__BRIEF__: Once the line with "Property Photo 3" is found in the entries below, repeat it and each following line exactly, up to and including the line with "A man experiencing pain from his neck to his shoulder. A". Add no other lines.

*** GIVEN DATA Section Begins ***

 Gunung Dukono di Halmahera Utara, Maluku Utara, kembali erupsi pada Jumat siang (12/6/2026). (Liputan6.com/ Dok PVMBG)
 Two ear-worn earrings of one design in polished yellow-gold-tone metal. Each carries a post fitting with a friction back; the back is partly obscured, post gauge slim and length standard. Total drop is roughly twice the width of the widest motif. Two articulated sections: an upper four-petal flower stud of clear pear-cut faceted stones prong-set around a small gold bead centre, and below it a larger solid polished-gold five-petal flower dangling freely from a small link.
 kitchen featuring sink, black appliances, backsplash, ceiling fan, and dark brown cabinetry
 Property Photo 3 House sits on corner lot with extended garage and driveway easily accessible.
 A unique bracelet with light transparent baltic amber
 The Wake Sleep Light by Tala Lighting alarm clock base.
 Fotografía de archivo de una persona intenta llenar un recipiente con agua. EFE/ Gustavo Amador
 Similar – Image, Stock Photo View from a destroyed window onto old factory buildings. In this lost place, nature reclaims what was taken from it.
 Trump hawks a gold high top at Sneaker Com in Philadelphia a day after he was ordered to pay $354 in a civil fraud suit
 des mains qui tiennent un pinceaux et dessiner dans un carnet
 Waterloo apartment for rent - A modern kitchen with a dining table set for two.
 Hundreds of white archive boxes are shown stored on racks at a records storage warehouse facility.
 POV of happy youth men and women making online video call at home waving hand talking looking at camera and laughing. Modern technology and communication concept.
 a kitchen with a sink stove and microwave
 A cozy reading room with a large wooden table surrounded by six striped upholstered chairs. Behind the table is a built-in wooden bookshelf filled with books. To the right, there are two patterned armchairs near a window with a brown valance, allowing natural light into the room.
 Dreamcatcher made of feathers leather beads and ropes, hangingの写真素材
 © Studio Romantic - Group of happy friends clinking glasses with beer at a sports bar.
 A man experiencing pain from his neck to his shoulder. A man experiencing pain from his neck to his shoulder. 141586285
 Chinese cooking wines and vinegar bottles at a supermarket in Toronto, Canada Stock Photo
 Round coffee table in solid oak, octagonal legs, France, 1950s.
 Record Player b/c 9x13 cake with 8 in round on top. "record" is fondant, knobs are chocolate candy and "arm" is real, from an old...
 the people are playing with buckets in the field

*** GIVEN DATA Section Ends ***

__RESPONSE TO THE EXERCISE__:
 Property Photo 3 House sits on corner lot with extended garage and driveway easily accessible.
 A unique bracelet with light transparent baltic amber
 The Wake Sleep Light by Tala Lighting alarm clock base.
 Fotografía de archivo de una persona intenta llenar un recipiente con agua. EFE/ Gustavo Amador
 Similar – Image, Stock Photo View from a destroyed window onto old factory buildings. In this lost place, nature reclaims what was taken from it.
 Trump hawks a gold high top at Sneaker Com in Philadelphia a day after he was ordered to pay $354 in a civil fraud suit
 des mains qui tiennent un pinceaux et dessiner dans un carnet
 Waterloo apartment for rent - A modern kitchen with a dining table set for two.
 Hundreds of white archive boxes are shown stored on racks at a records storage warehouse facility.
 POV of happy youth men and women making online video call at home waving hand talking looking at camera and laughing. Modern technology and communication concept.
 a kitchen with a sink stove and microwave
 A cozy reading room with a large wooden table surrounded by six striped upholstered chairs. Behind the table is a built-in wooden bookshelf filled with books. To the right, there are two patterned armchairs near a window with a brown valance, allowing natural light into the room.
 Dreamcatcher made of feathers leather beads and ropes, hangingの写真素材
 © Studio Romantic - Group of happy friends clinking glasses with beer at a sports bar.
 A man experiencing pain from his neck to his shoulder. A man experiencing pain from his neck to his shoulder. 141586285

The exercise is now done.